### PROBLEM STATEMENT
Exact copy, pictures excluded: the lines from the one containing "セミロング カラー ✨髪質改善カラー✨ 赤味除去カラー/理久のヘアスタイル" to the end of the listing.

### MATERIAL FOR THE TASK
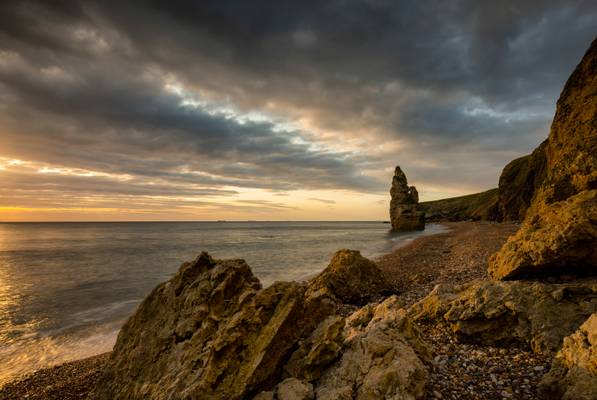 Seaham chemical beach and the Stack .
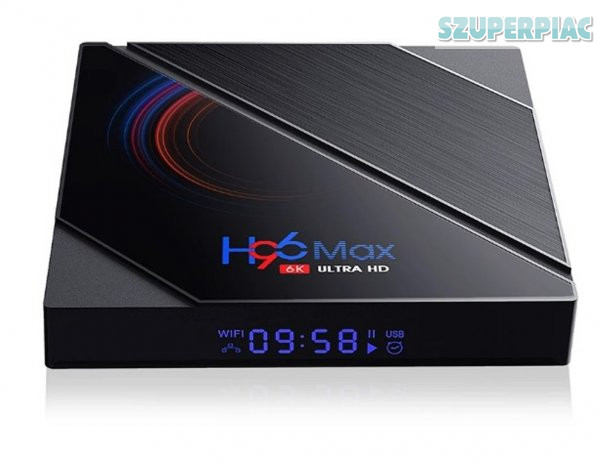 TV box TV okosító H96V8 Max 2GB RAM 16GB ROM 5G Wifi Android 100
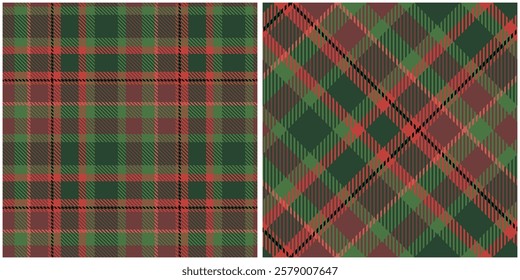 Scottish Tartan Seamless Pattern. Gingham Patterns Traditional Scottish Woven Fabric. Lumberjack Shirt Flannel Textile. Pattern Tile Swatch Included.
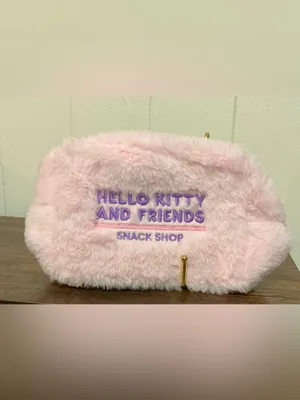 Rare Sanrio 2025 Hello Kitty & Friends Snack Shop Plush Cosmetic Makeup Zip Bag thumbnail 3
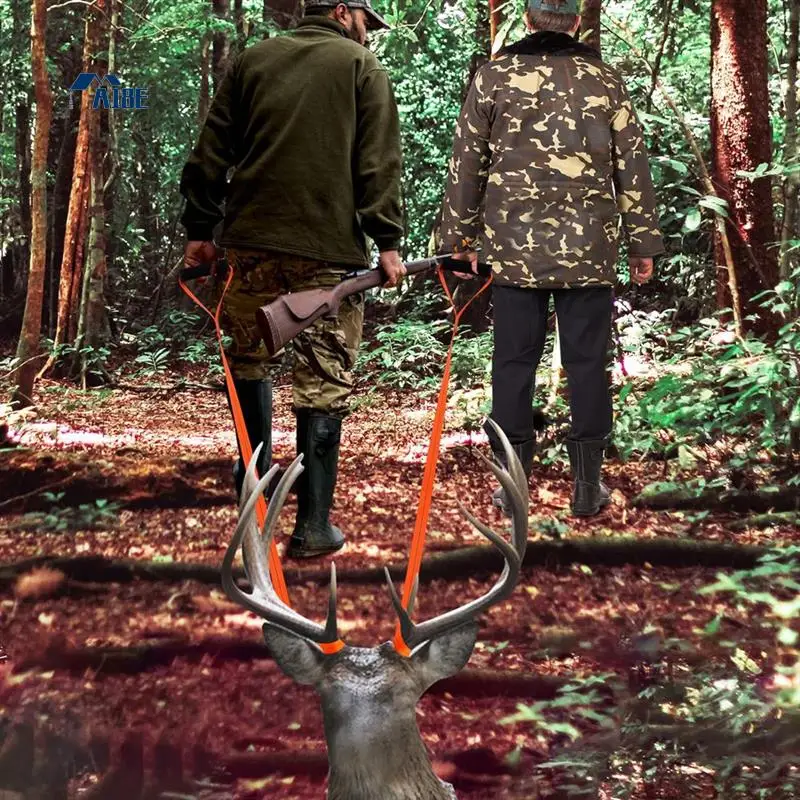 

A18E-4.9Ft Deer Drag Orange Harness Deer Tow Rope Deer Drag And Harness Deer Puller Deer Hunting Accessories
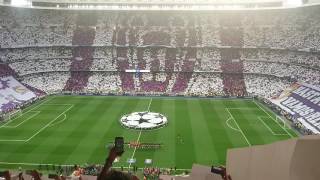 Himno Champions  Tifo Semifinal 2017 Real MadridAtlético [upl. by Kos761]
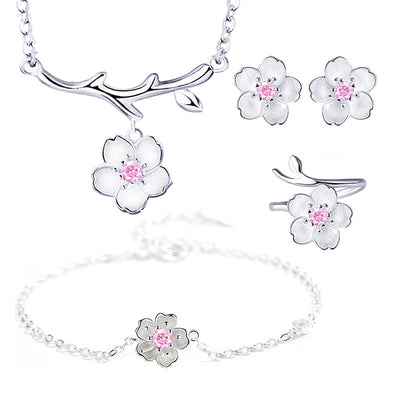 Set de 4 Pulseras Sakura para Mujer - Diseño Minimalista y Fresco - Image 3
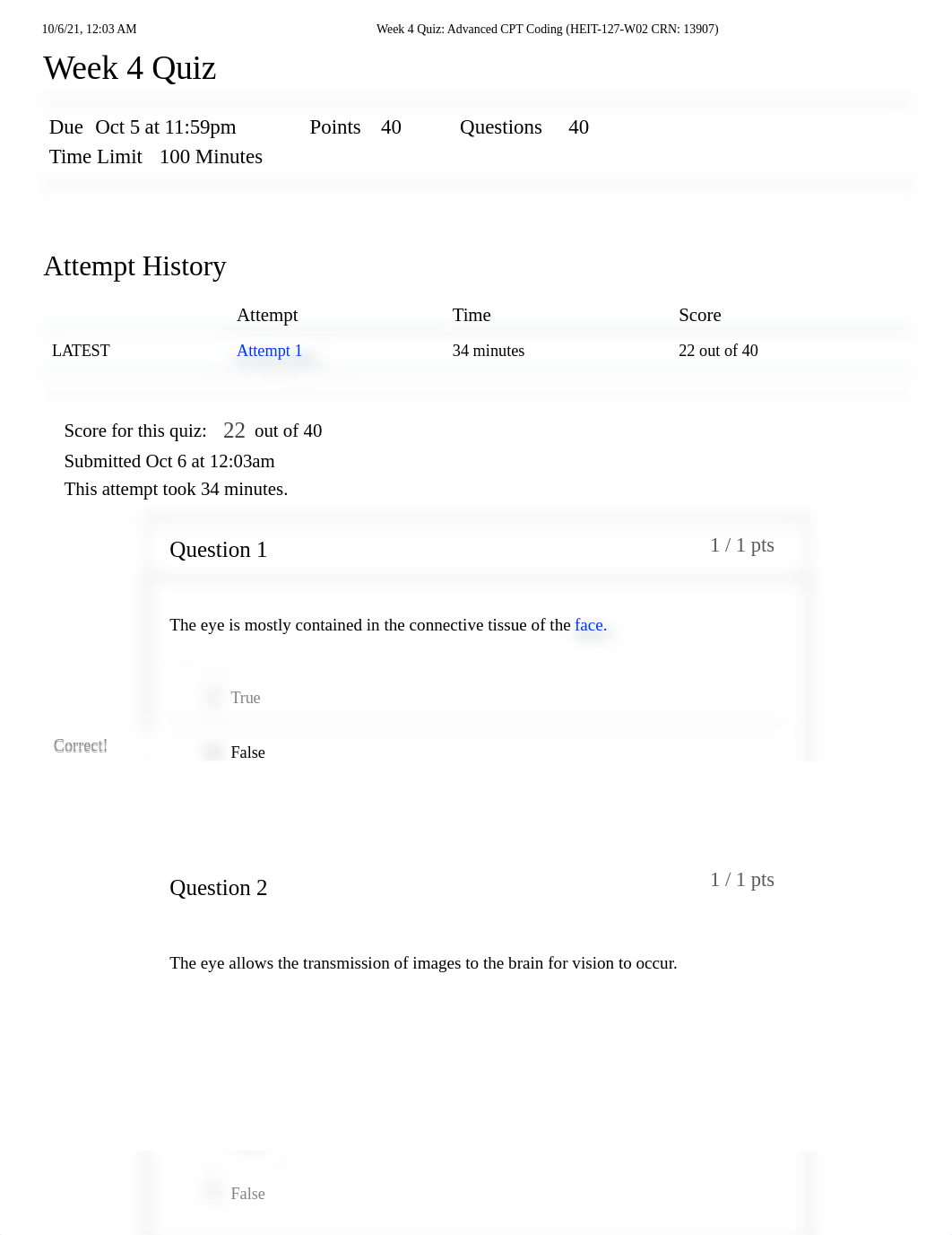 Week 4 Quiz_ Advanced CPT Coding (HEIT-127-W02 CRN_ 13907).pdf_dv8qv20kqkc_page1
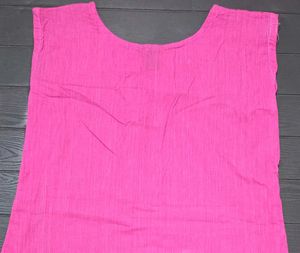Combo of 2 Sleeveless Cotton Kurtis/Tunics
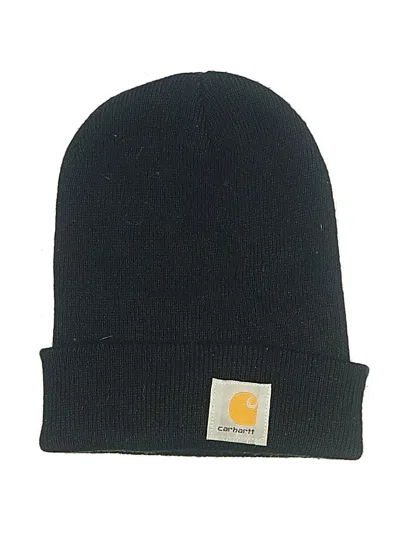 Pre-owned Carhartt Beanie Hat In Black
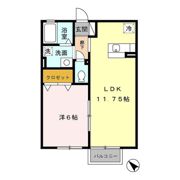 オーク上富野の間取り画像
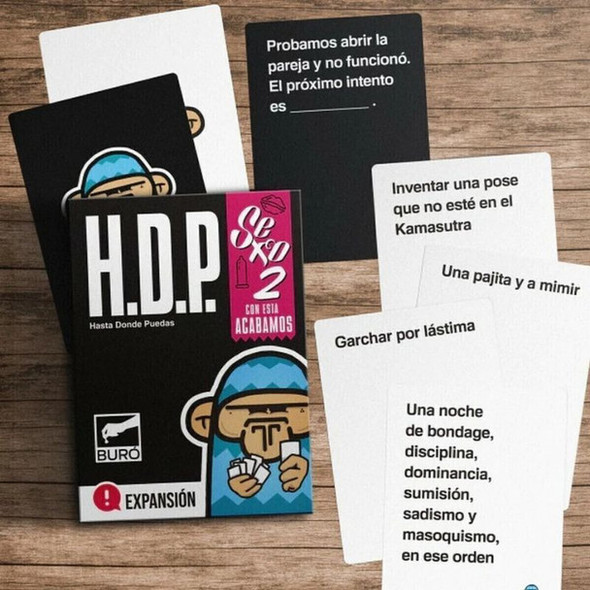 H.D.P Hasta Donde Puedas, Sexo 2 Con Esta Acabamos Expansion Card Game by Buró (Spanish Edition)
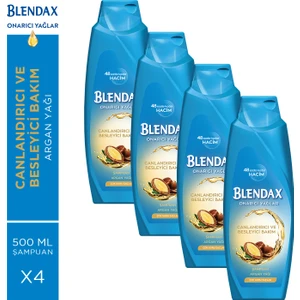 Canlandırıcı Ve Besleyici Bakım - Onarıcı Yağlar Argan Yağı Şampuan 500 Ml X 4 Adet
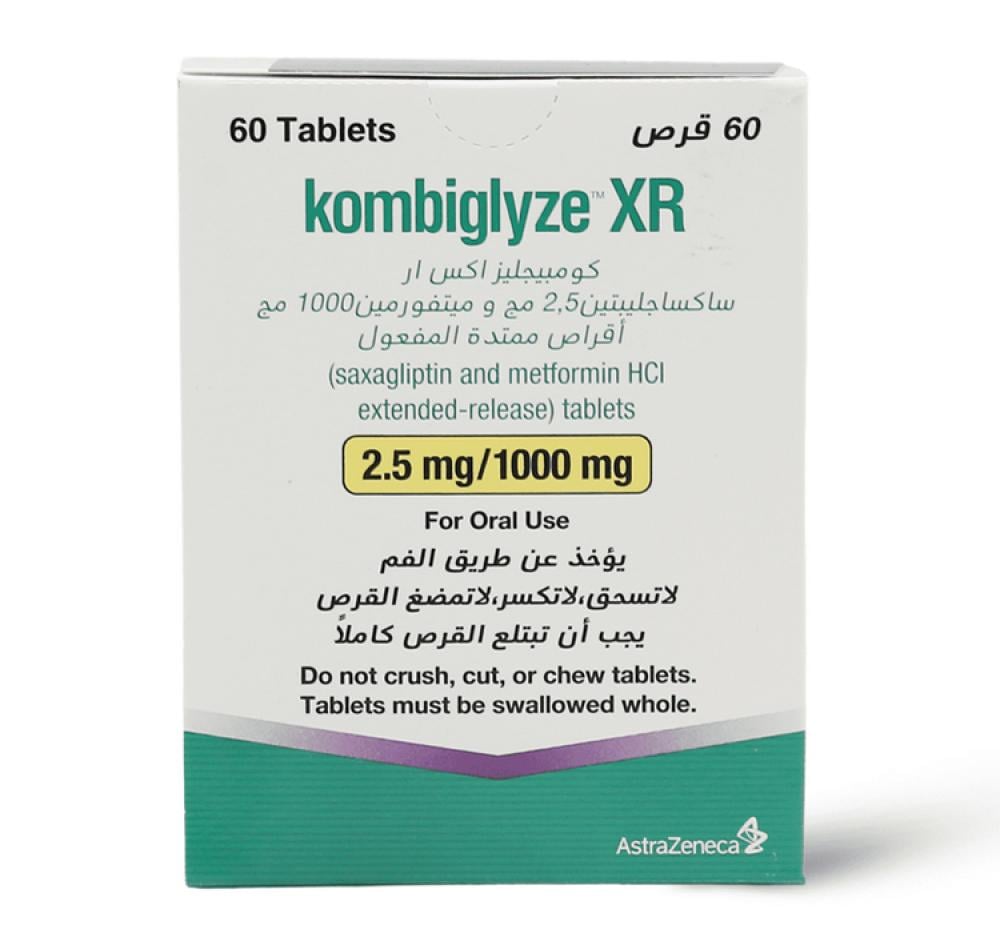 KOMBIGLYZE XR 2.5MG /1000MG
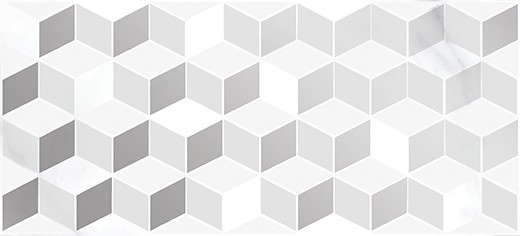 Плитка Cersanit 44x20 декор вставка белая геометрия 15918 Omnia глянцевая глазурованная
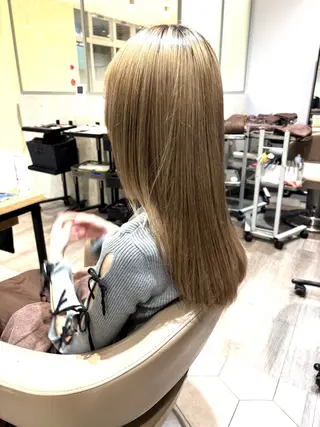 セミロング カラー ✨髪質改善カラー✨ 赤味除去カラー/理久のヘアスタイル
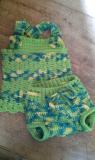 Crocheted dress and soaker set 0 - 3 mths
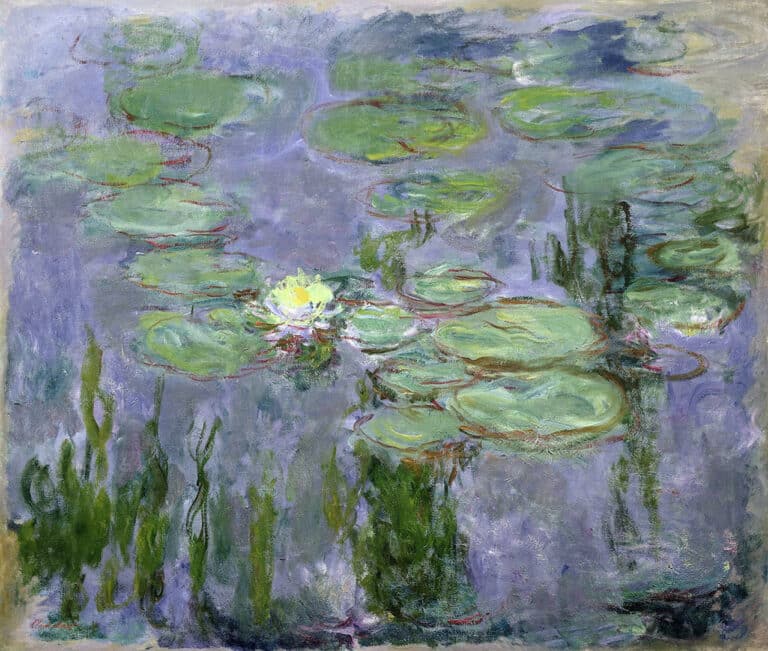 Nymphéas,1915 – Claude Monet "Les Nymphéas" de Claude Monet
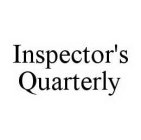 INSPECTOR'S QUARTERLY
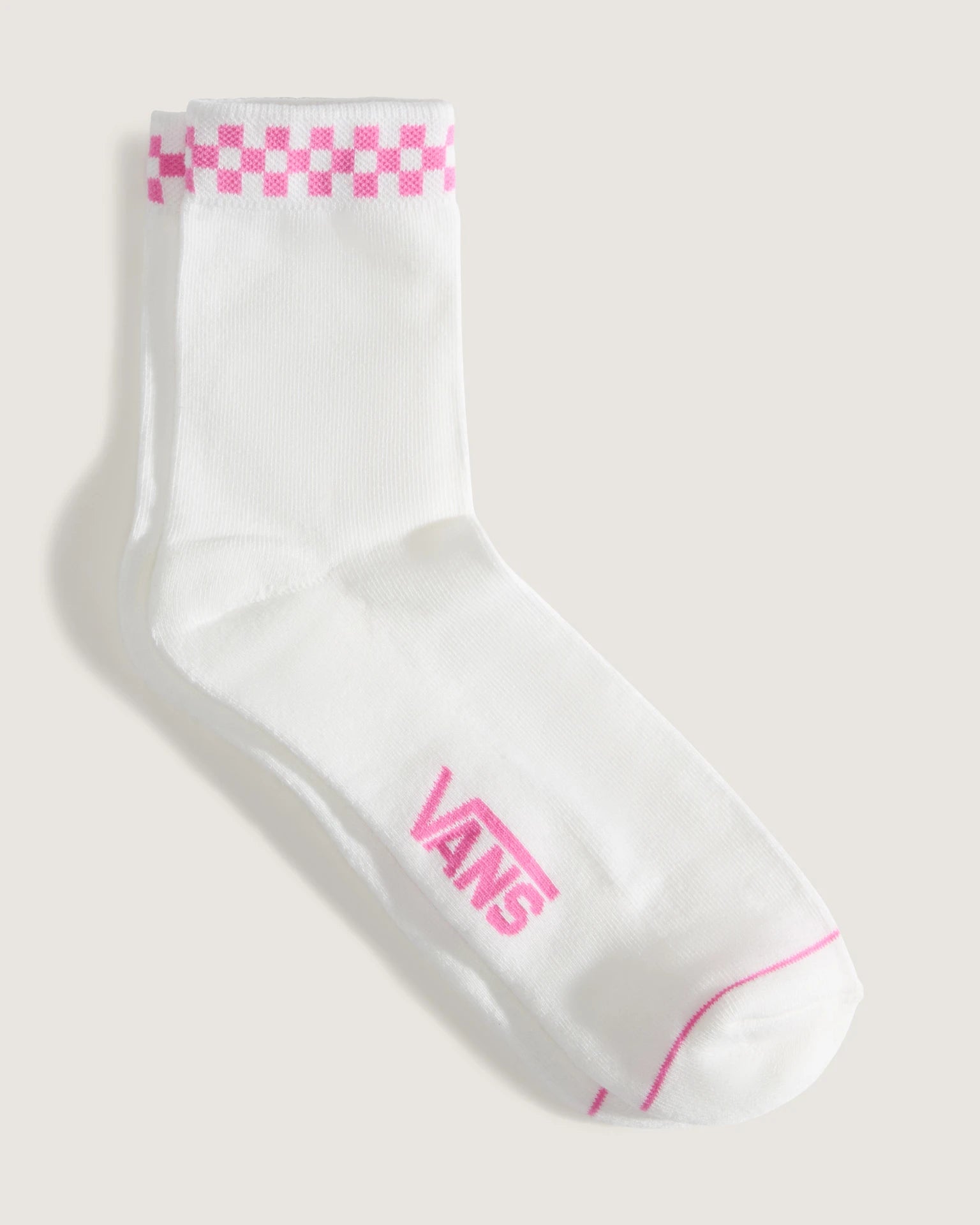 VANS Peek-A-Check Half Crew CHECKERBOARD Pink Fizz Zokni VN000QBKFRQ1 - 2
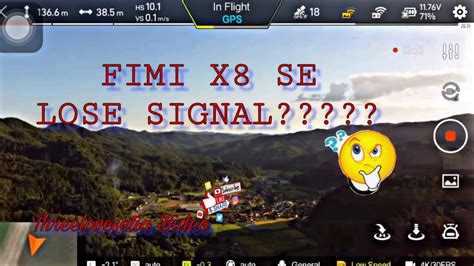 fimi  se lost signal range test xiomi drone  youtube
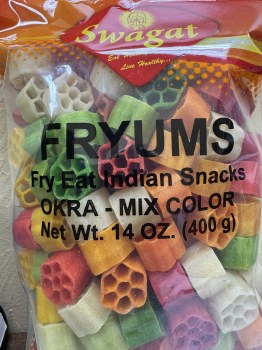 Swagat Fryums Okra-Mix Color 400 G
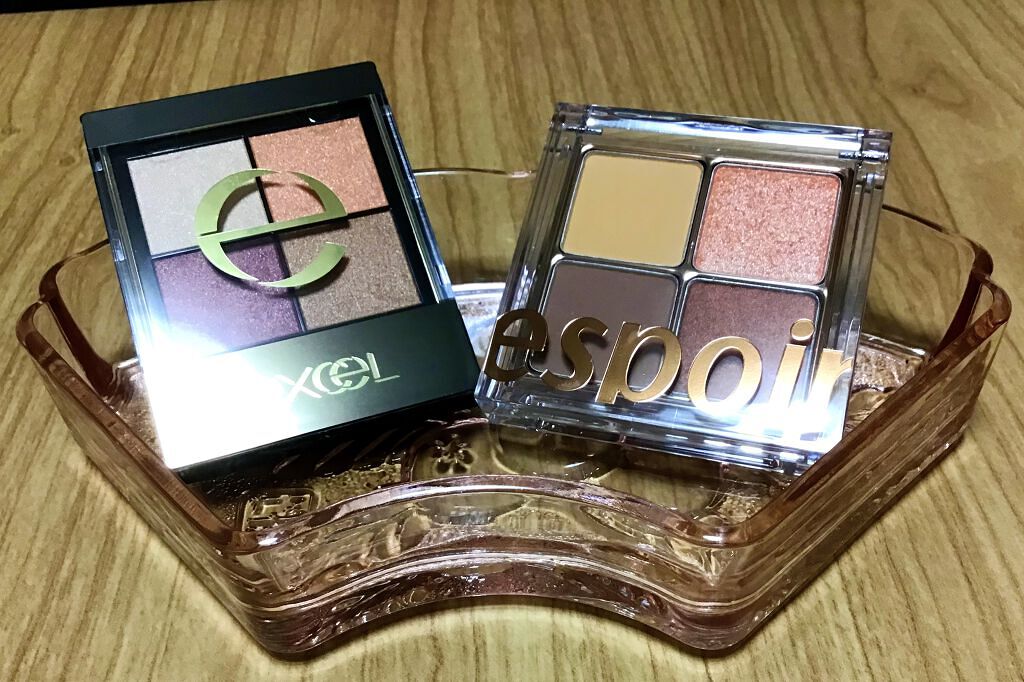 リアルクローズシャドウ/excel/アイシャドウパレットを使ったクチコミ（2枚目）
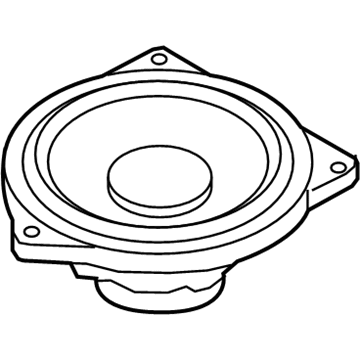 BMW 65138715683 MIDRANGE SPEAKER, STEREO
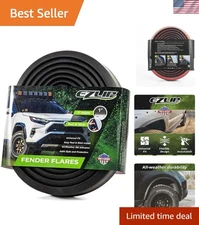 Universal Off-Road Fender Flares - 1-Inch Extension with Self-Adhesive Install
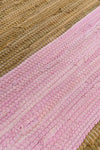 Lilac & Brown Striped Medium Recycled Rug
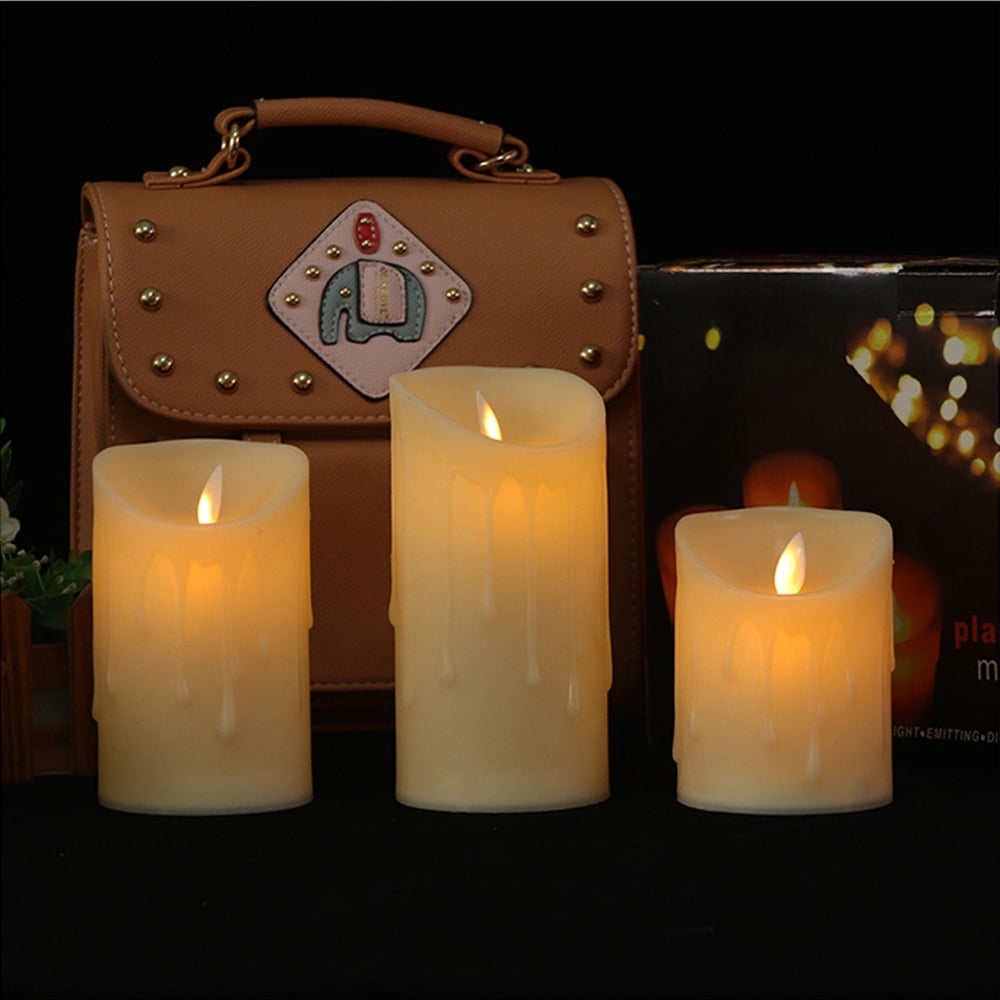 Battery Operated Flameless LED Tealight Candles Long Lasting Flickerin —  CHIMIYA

### TASK ANSWER
 セミロング カラー ✨髪質改善カラー✨ 赤味除去カラー/理久のヘアスタイル
 Crocheted dress and soaker set 0 - 3 mths
 Nymphéas,1915 – Claude Monet "Les Nymphéas" de Claude Monet
 INSPECTOR'S QUARTERLY
 VANS Peek-A-Check Half Crew CHECKERBOARD Pink Fizz Zokni VN000QBKFRQ1 - 2
 fimi  se lost signal range test xiomi drone  youtube
 Swagat Fryums Okra-Mix Color 400 G
 リアルクローズシャドウ/excel/アイシャドウパレットを使ったクチコミ（2枚目）
 BMW 65138715683 MIDRANGE SPEAKER, STEREO
 Universal Off-Road Fender Flares - 1-Inch Extension with Self-Adhesive Install
 Lilac & Brown Striped Medium Recycled Rug
 Battery Operated Flameless LED Tealight Candles Long Lasting Flickerin —  CHIMIYA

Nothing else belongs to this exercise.